#### TASK DIRECTIONS:
Your answer must consist of exactly the lines below, starting with the line with "I will tell" and going on through the line with "Under acquisition settings, you", and nothing else.

DATA FOR THIS TASK below:

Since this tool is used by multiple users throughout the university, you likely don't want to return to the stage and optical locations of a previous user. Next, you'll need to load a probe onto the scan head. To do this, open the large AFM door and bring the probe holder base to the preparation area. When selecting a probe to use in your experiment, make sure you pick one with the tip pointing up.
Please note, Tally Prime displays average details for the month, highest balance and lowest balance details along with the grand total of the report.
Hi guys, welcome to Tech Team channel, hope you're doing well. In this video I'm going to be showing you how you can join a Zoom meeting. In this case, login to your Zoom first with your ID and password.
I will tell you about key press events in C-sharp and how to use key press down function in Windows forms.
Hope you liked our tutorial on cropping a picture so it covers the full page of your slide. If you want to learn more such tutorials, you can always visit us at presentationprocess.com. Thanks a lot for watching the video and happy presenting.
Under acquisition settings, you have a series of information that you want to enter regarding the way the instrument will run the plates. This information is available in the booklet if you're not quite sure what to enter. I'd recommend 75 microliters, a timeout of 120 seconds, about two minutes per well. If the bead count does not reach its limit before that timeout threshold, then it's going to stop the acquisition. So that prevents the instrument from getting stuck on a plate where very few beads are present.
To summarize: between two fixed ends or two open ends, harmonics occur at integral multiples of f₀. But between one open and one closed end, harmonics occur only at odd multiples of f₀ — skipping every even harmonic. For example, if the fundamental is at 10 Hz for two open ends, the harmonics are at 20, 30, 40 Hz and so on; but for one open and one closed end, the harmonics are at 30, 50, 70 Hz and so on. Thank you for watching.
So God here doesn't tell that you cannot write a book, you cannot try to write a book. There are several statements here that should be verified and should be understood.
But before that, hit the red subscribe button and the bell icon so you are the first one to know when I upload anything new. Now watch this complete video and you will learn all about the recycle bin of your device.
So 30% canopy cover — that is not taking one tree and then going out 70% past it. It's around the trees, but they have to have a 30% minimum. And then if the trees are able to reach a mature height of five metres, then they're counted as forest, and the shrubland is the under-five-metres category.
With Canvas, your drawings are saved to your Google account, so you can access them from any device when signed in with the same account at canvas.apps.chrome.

End of DATA FOR THIS TASK.

#### SOLUTION FOR THIS EXERCISE:
I will tell you about key press events in C-sharp and how to use key press down function in Windows forms.
Hope you liked our tutorial on cropping a picture so it covers the full page of your slide. If you want to learn more such tutorials, you can always visit us at presentationprocess.com. Thanks a lot for watching the video and happy presenting.
Under acquisition settings, you have a series of information that you want to enter regarding the way the instrument will run the plates. This information is available in the booklet if you're not quite sure what to enter. I'd recommend 75 microliters, a timeout of 120 seconds, about two minutes per well. If the bead count does not reach its limit before that timeout threshold, then it's going to stop the acquisition. So that prevents the instrument from getting stuck on a plate where very few beads are present.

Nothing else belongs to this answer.